In contrast to these Canadian findings, UK hospital food standards [
7] have a different approach, which differentiates between “eating for health” in individuals at risk of malnutrition (i.e., high-energy, nutritionally dense food/drink) versus “healthy eating” to promote health in those not at risk (i.e., Eatwell Guide [
23]) and promote a “patient-focused food and drink strategy”. This UK strategy has been supported by various initiatives, such as the Better Hospital Food Project [
24] and Protected Mealtimes [
25], aimed at improving patient food intake.
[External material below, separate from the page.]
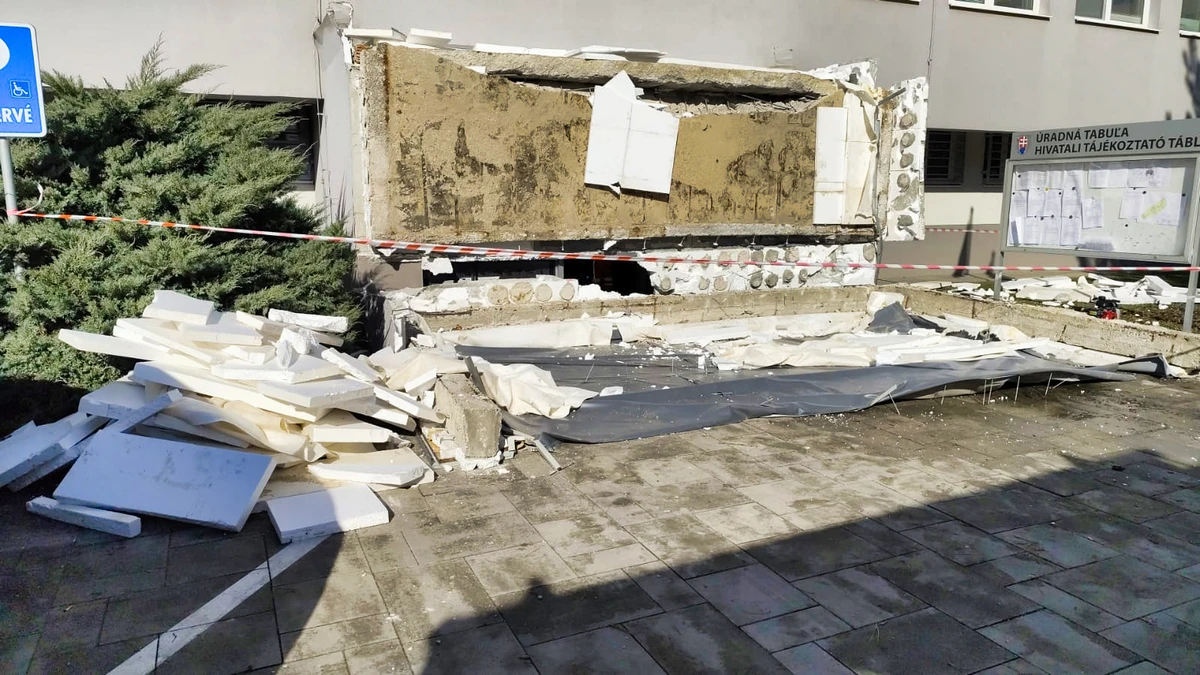 A leomlott előtető Komáromban
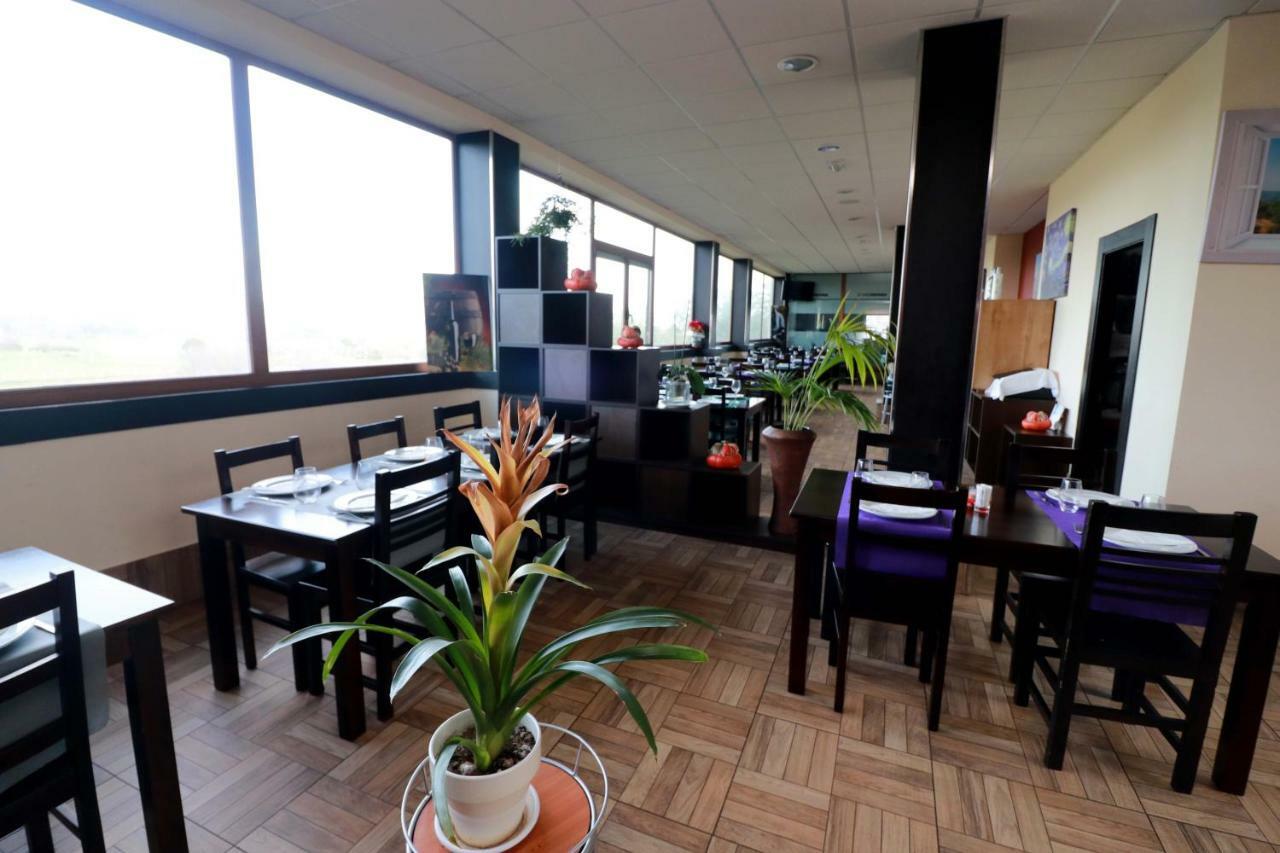 Apartamentos Casas Novas Silleda Luaran gambar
Additionally, consistent with our observations that insufficient budgets were the most common perceived barrier to optimal foodservices, UK standards were deemed less effective when voluntary and/or not backed by adequate funding [
26].
Prioritization of foodservice in health care as medicine has been identified as a lesson for Canada to learn from Denmark [
27]. This has resulted in positive changes in foodservice practices as demonstrated by a Danish study [
28] comparing practice from 1995 to 2003. This study found a decrease in centralized production (from 99% to 80%), increase in satellite kitchens (from 1% to 20%), decentralized plating or buffets (from 31% to 65%), more educated cooks/catering assistance (from 29% to 51%), and fewer unskilled workers (from 45% to 25%) allowing for point of service, personalized portion sizes, and higher-quality food produced in-house. These changes in practice are consistent with the survey themes on optimal foodservices of the current study, i.e., patient-centered, flexible, and allow for choice of quality food produced in-house by skilled staff. Another Danish study found that providing education and delegating responsibility to health care assistants for patient-centered nutrition care, such as ordering personalized food for nutrition risk patients, resulted in a decrease in food waste from 55% to 18% [
29].
Study limitations
Survey responses were self-reported by foodservice/nutrition managers and might be limited by respondents’ lack of knowledge of certain aspects of their practice, e.g., clinical nutrition care on units. Responses from other stakeholders, such as clinical dietitians, nurses, physicians, managers, patients etc., might have elicited more diverse and comprehensive perspectives. The survey was somewhat long and complex in parts, which might have impacted respondent fatigue as is evident from decreasing response rate over the course of the survey. Complexity of survey responses was especially challenging for the 20% of respondents answering in relation to multiple sites, whereas responses from Alberta were more homogenous since background information for the survey was shared with colleagues throughout the province. Also, results might not be generalizable to all areas of Canada, especially underrepresented provinces/territories in northern/eastern Canada. Further research is needed to assess different types of hospitals and foodservice systems and association with patient satisfaction, health, and financial outcomes. Despite these limitations, the survey responses were representative of all regions across Canada and provide a comprehensive overview of current hospital foodservice practices relevant to address malnutrition in hospital.